Martin shook his head.
"Tired?" she asked tentatively.
"I don't know. Bleak."
"Be glad you're not Pan," she said, not forgiving but not accusing.
"Hans will do a good job," Martin said automatically.
"Something's wrong," Ariel pursued. "What is it?"
"Nothing for you to worry about."
"You're having a reaction, aren't you?" she said. "You were strong and stalwart, and now you're paying for it."
He grimaced. "You were always so full of bullshit," he said before he could think to keep quiet.
"That's me, bullshit babe," Ariel said softly. "At least I don't get trussed up like a lamb for my own slaughter."
"I'm okay," he said.
"Where are you going?"
"With Harpal. To pick rifle pilots."
"Then let's go," Ariel said. "We have to keep moving."
She treated his pain as something trivial. His hatred for her burned like fire. But he followed her along the neck to the aft homeball, still bleak, but at least moving, doing.
Paola Birdsong and Liam Oryx volunteered to take the rifles out. Their journey would last a day, as planned by Hans and Harpal.
Hans and Ariel accompanied the chosen pilots to the new weapons store. There were only thirty craft in the smaller space, all newly made after the destruction of William's bombship. The designs were familiar, however. Martin and Ariel watched the two volunteers enter the slender craft, checked out their systems through the wands, stood behind ladder fields as the ships pushed through the hatch on pylons.
The rifles began their journey of hundreds of thousands of kilometers.
"I feel guilty about keeping my room temperature above freezing now," Ariel said. "We have so little fuel. I hope this is really worthwhile."

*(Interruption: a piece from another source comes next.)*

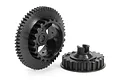 Two black plastic spur gears for HPI Micro RS4 RC cars, showing the 58-tooth gear and a smaller drive gear on a white background.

Martin shrugged and left the weapons store for the schoolroom.
"Where are you going?" Ariel asked. He told her. "Can I come with you?"
Martin was surprised into a long, even a rude, silence. "You can go wherever you want," he said. "We're gathering to see if anything happens to Nebuchadnezzar."

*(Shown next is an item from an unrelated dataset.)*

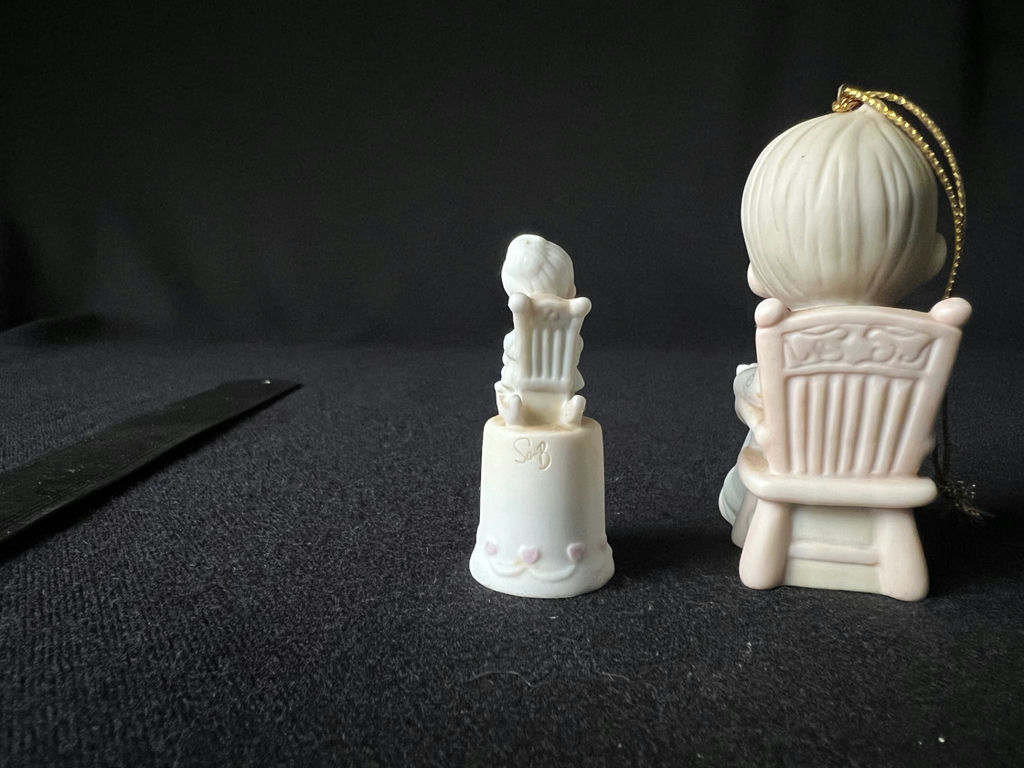 Enesco Precious Moments Purrfect Grandma thimble and Grandpa Ornament; Handmade Vicki Lane bunny figurine - image 2 of 13
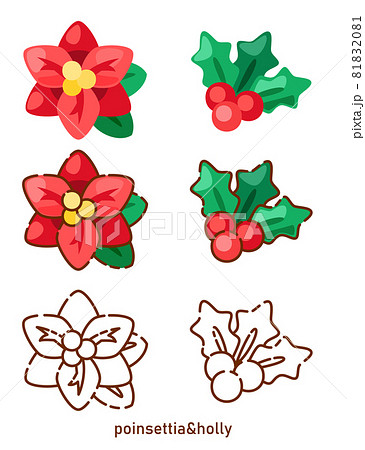クリスマスの植物 ポインセチアとヒイラギのイラスト素材 8181 クリスマスの植物 ポインセチアとヒイラギのイラスト素材 8181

"You need company. I don't want to see you bleak again."
He closed one eye, squinted at her, and again, without thinking, said what was on his mind: "I can't figure you. You were such a bitch when I was Pan. Now it's sweetness and light. Are you crazierthan I am?"
She backed away, stung, then said, "Probably. What's it matter now?"

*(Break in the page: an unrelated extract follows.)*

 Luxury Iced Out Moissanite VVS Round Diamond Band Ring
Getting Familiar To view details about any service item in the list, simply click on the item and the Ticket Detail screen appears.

To that, he had no answer.
The crew gathered around the star sphere in the schoolroom, all but Hakim and Luis Estevez Saguaro, who stayed in the nose to keep working. "What we learned in training makes us think this planet's really sick with our doers," Thomas Orchard explained, pointing out large brown and red patches on Nebuchadnezzar. "Whatever turned our people into and em may have been failing to start with—it didn't stop some pods from dropping doers. And it didn't convert all our ships. Now we think the machinery, the defenses, are completely gone."
"How long until it blows up?" David Aurora asked.
"It won't blow up," Harpal said. "It's just set to cook."
"That's what I mean," David said, smirking. Martin watched the crew closely, uneasy, still bleak despite Ariel's company.
"Any minute now," Thomas said.
"Then we got a win," David continued, raising his fist in a victory salute.
"Fat lot of good it does us," Ariel said. "Two more planets to go, and so little fuel we can't escape."
"It's something," Harpal said.
"I don't think it's much," Erin Eire said at the rear. Martin had not even seen her since the awakening, not closely enough to pull her apart from the crowd. "I think we all know this place isn't the real target."
"What makes you think that?" Thomas asked.
A mom entered the schoolroom. The crew fell silent as it floated to the center, but when it said and did nothing more, they resumed.